10. Security considerations . . . . . . . . . . . . . . . . . . . 19
11. IANA Considerations . . . . . . . . . . . . . . . . . . . . . 20
12. Acknowledgments . . . . . . . . . . . . . . . . . . . . . . . 21
13. Normative References . . . . . . . . . . . . . . . . . . . . . 22
Authors' Addresses . . . . . . . . . . . . . . . . . . . . . . . . 22
1. Definitions of Terms Used in this Memo
NLRI - Network Layer Reachability Information
RIB - Routing Information Base
Loc-RIB - Local RIB
AS - Autonomous System Number
VRF - Virtual Routing and Forwarding instance
PE - Provider Edge router
2. Introduction
Modern IP routers contain both the capability to forward traffic
according to IP prefixes as well as to classify, shape, rate limit,
filter or redirect packets based on administratively defined
These traffic policy mechanisms allow the router to define match
rules that operate on multiple fields of the packet header. Actions
such as the ones described above can be associated with each rule.
The n-tuple consisting of the matching criteria defines an aggregate
traffic flow specification. The matching criteria can include
elements such as source and destination address prefixes, IP protocol
and transport protocol port numbers.
This document defines a general procedure to encode flow
specification rules for aggregated traffic flows so that they can be
distributed as a BGP [RFC4271] NLRI. Additionally, we define the
required mechanisms to utilize this definition to the problem of
immediate concern to the authors: intra and inter provider
distribution of traffic filtering rules to filter (Distributed)
Denial of Service (DoS) attacks.
By expanding routing information with flow specifications, the
routing system can take advantage of the ACL/firewall capabilities in
the router's forwarding path. Flow specifications can be seen as
more specific routing entries to an unicast prefix and are expected
to depend upon the existing unicast data information.
A flow specification received from an external autonomous-system will
need to be validated against unicast routing before being accepted.
If the aggregate traffic flow defined by the unicast destination
prefix is forwarded to a given BGP peer, then the local system can
safely install more specific flow rules which may result in different
forwarding behavior, as requested by this system.
The key technology components required to address the class of
problems targeted by this document are:
1. Efficient point to multi-point distribution of control plane
2. Inter-domain capabilities and routing policy support.
3. Tight integration with unicast routing, for verification
Items 1 and 2 have already been addressed using BGP for other types
of control plane information. Close integration with BGP also makes
it feasible to specific a mechanism to automatically verify flow
information against unicast routing. These factors are behind the
choice of BGP as the carrier of flow specification information.
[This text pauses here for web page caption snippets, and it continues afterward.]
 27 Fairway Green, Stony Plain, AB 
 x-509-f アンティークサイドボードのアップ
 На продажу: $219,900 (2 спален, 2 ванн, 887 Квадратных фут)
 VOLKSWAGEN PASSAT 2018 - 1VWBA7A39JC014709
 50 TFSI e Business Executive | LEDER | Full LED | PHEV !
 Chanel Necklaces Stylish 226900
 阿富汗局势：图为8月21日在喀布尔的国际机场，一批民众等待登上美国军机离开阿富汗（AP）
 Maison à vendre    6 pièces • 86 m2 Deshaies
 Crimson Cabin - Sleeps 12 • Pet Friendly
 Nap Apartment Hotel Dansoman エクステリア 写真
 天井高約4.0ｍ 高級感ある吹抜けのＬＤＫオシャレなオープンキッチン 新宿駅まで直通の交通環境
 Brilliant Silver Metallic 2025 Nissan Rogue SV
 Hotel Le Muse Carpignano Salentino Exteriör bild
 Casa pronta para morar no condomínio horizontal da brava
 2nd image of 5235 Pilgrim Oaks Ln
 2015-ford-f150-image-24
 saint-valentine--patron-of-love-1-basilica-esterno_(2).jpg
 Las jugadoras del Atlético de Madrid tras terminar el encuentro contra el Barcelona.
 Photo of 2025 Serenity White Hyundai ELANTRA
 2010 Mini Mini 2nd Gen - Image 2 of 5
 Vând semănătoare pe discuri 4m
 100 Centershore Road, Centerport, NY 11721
As with previous extensions to the BGP protocol, this specification
makes it possible to add additional information to Internet routers.
These are limited in terms of the maximum number of data elements
they can hold as well as the number of events they are able to
process in a given unit of time. The authors believe that, as with
previous extensions, service providers will be careful to keep
information levels bellow the maximum capacity of their devices.
It is also expected that in many initial deployments flow
specification information will replace existing host length route
advertisements rather than add additional information.
Experience with previous BGP extensions has also shown that the
maximum capacity of BGP speakers has been gradually increased
according to expected loads. Taking into account Internet unicast
routing as well as additional applications as they gain popularity.
From an operational perspective, the utilization of BGP as the
carrier for this information allows a network service provider to
reuse both internal route distribution infrastructure (e.g.: route
reflector or confederation design) and existing external
relationships (e.g.: inter-domain BGP sessions to a customer
While it is certainly possible to address this problem using other
mechanisms, the authors believe that this solution offers the
substantial advantage of being an incremental addition to already
deployed mechanisms.
In current deployments, the information distributed by the flow-spec
extension is originated both manually as well as automatically. The
latter by systems which are able to detect malicious flows. When
automated systems are used care should be taken to ensure their
correctness as well as to limit the number and advertisement rate of
flow routes.
This specification defines required protocol extensions to address
most common applications of IPv4 unicast and VPNv4 unicast filtering.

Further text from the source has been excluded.